## [Task requirements]
Output must consist only of the lines of the material below from the one with "Hilversum 18 januari 2003" through the one with "Söküntü Turuncu Geometrik", each reproduced exactly; no pictures belong in it.

======== Supplied data

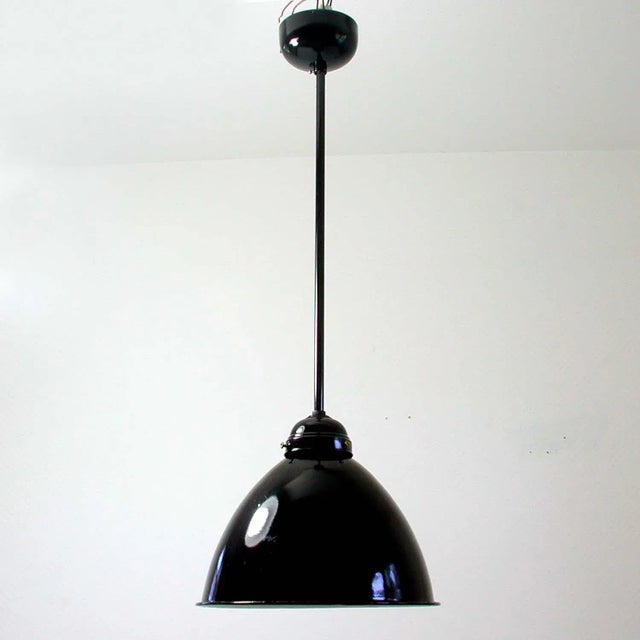 Vintage German Industrial Enamel Ceiling Light, 1950s For Sale - Image 10 of 10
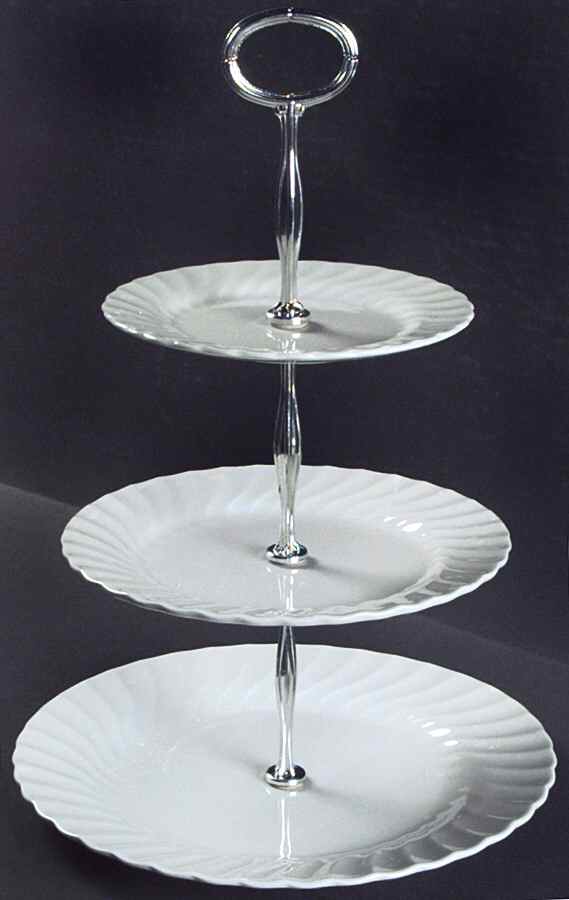 Regency (Made in England, Earthenware Ironstone) 13 7/8"-14 1/4" 3-Tiered Serving Tray(DP,SP,BB) HC by Johnson Brothers-1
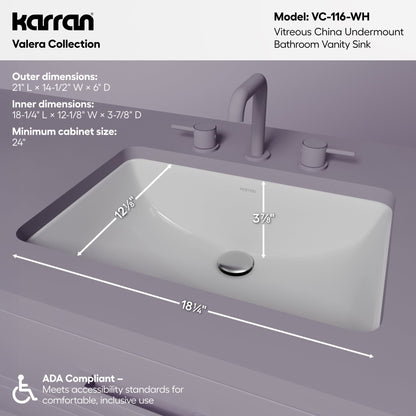 Valera 21" Rectangular Undermount Vitreous China Bathroom Sink In White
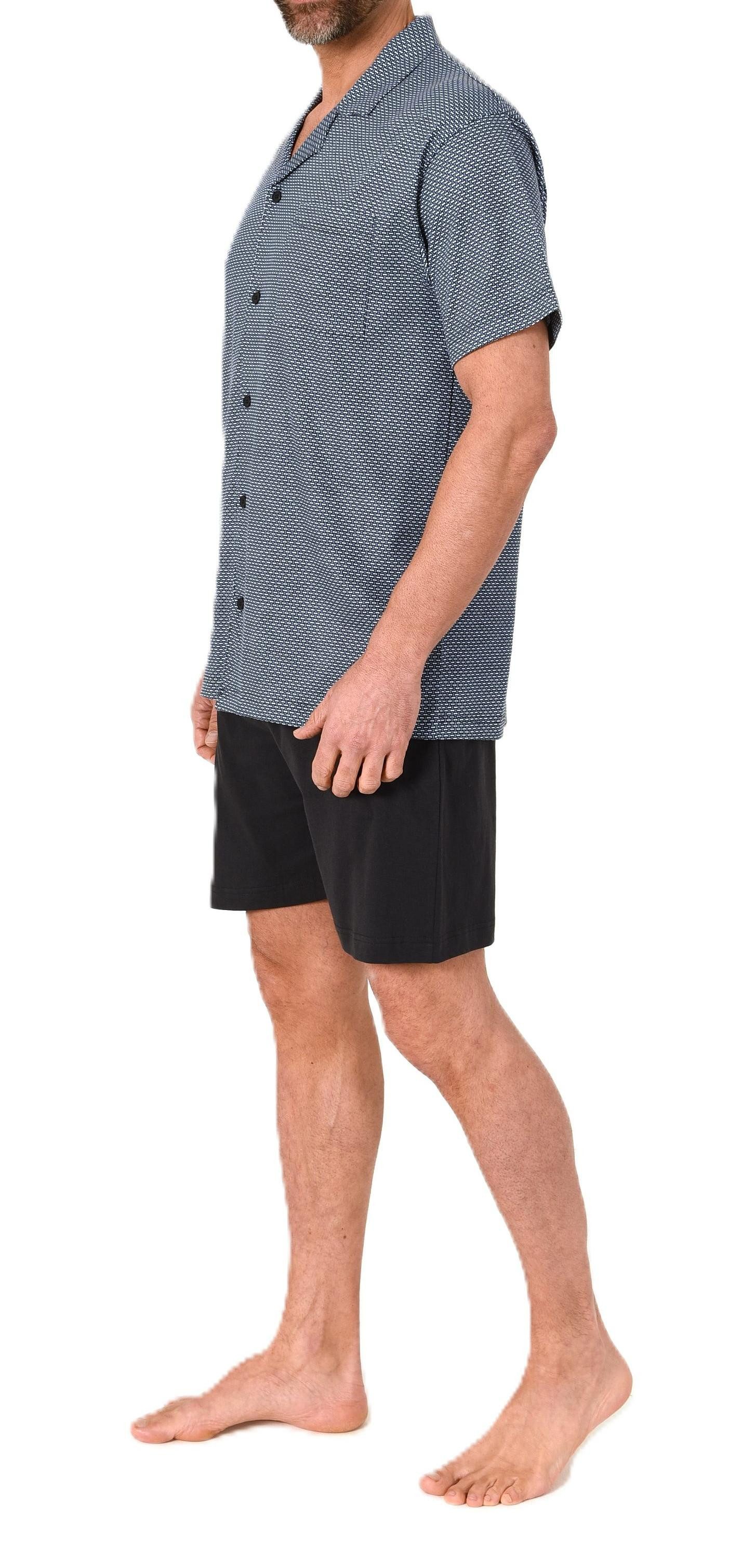 Normann Pyjama Herren Kurzarm Schlafanzug Shorty zum durchknöpfen, auch in Übergröße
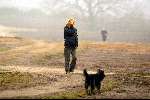 Hilversum 18 januari 2003
Wendy v Dijk wandelend met hond op de heide
Veel problemen met Xander de Buisonje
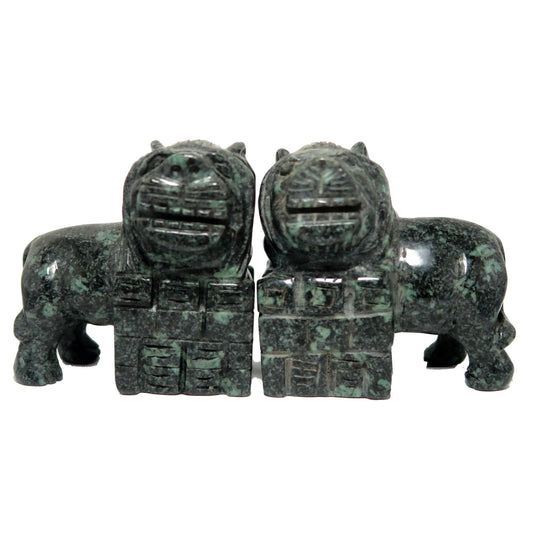 Stone Fu Dog Green Black Mythical Dragon Pair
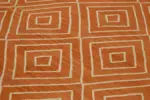 Söküntü Turuncu Geometrik Yün El Dokuma Kilim-265x350 - Görsel 5
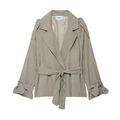 Veste courte femme vert sauge en daim avec col à revers et ceinture à nouer - XS / Kaki Foncé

================

## [Response to the exercise]
 Hilversum 18 januari 2003
Wendy v Dijk wandelend met hond op de heide
Veel problemen met Xander de Buisonje
 Stone Fu Dog Green Black Mythical Dragon Pair
 Söküntü Turuncu Geometrik Yün El Dokuma Kilim-265x350 - Görsel 5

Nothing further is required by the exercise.